Bernard Molland. Je constate aujourd'hui que certaines entreprises ont externalisé avec intelligence, avec des clauses de réversibilité, en choisissant des partenaires performants sur une zone géographique finie.
Mais de grands contrats d'outsourcing mondiaux ont récemment été signés. Ces contrats sont voués à l'échec. Si vous êtes en France, vous serez servis par la filiale française, ce qui ne posera aucun problème. Mais les sociétés qui prennent en charge ces contrats mondiaux ne sont pas organisées pour servir correctement - sur toutes les zones où ils sont présents - les grands groupes internationaux.
Les sociétés ayant tout outsourcé
sont rares et celles qui ont essayé en sont vite revenues. Il est à mon sens préférable de segmenter les contrats d'outsourcing par rapport aux grands services offerts par le SI.
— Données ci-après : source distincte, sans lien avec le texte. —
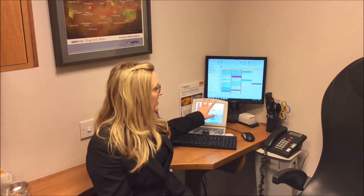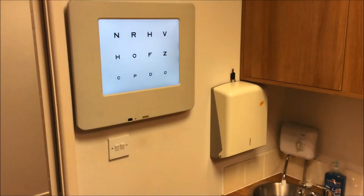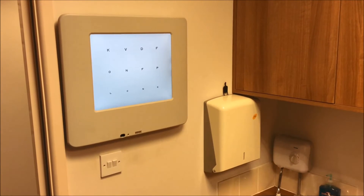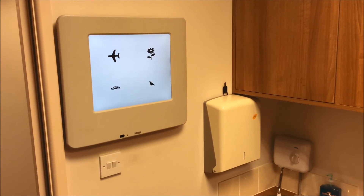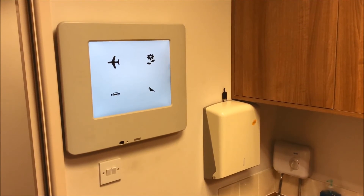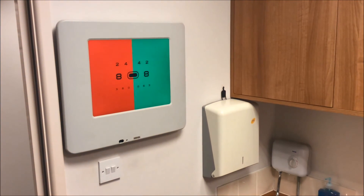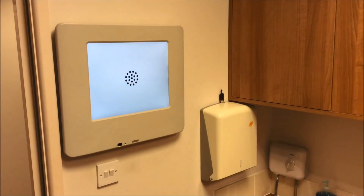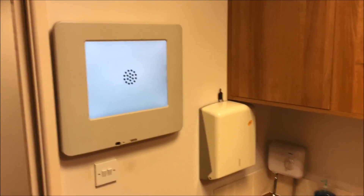So this gadget here is a controller which we use to change what you see on the monitor. It's got a variety of different sized letters, but it also has some more child friendly pictures for the children that don't yet know their alphabet. We also have on here the very familiar red and green for a lot of patients. And then there are also the classic circles which people are much more familiar with, and the question is: is it clearer with one or two?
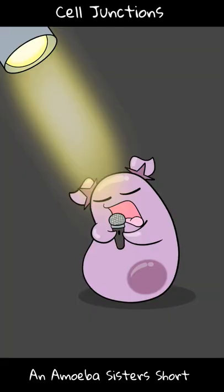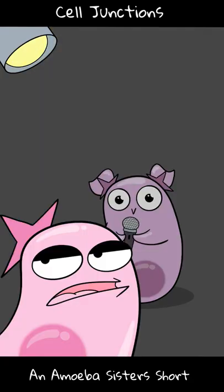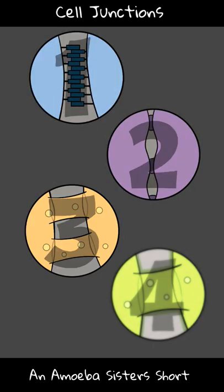Welcome to Namoeba Sister Short about cell junctions. Cell junction junction, what's your function? Oh thanks, Petunia — you probably just revealed our age with that. However, we do have some fascinating intercellular junctions to talk about — that is, junctions between cells.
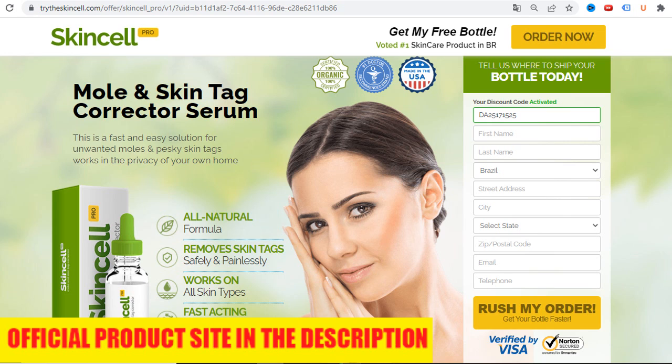How does SkinCell Pro work? SkinCell Pro gives you the freedom to remove all your moles or skin tags in the comfort of your own home. Step 1: Apply SkinCell Pro to problem areas of the skin. When you apply SkinCell Pro to the blemish, the active ingredients will penetrate to the root and alert your immune system. This immune response will send white blood cells to the blemish and start the removal and healing process.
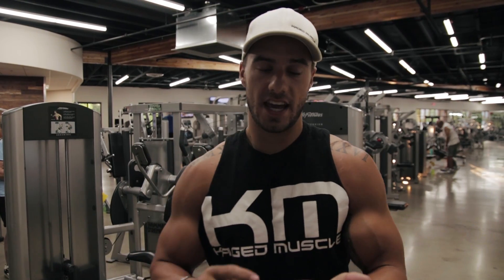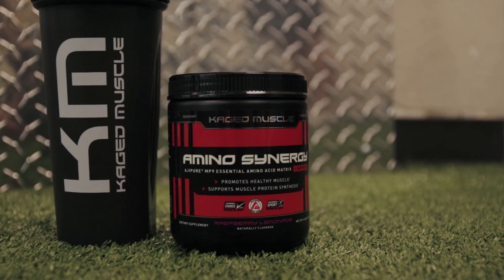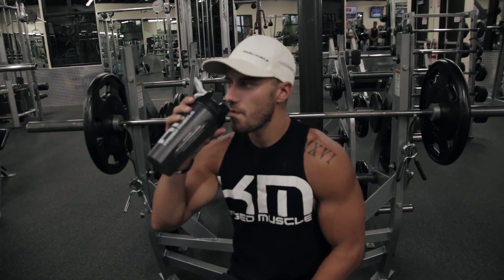I started with pre-kage today, then went to the aminos with caffeine to keep me focused throughout the workout. I'm gonna go home, have some re-kage, and since it'll be a little bit before breakfast, I want to get some protein in right after this workout and go on throughout the day.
A partir du moment où une prestation est correctement rendue, si tout le monde est content, à un coût compétitif, c'est un effort de réinternaliser, c'est aussi un coût, c'est en tout cas une décision on ne peut plus stratégique.
On ne réinternalise que les éléments qui posent problème ou qui sont à risque, comme dans le cas où un prestataire a de mauvais bilans ou quand il se fait racheter par une entreprise dont les objectifs et le comportement ne vous paraissent pas limpides.
Que se passe-t-il quand une entreprise est amenée à en racheter une autre ?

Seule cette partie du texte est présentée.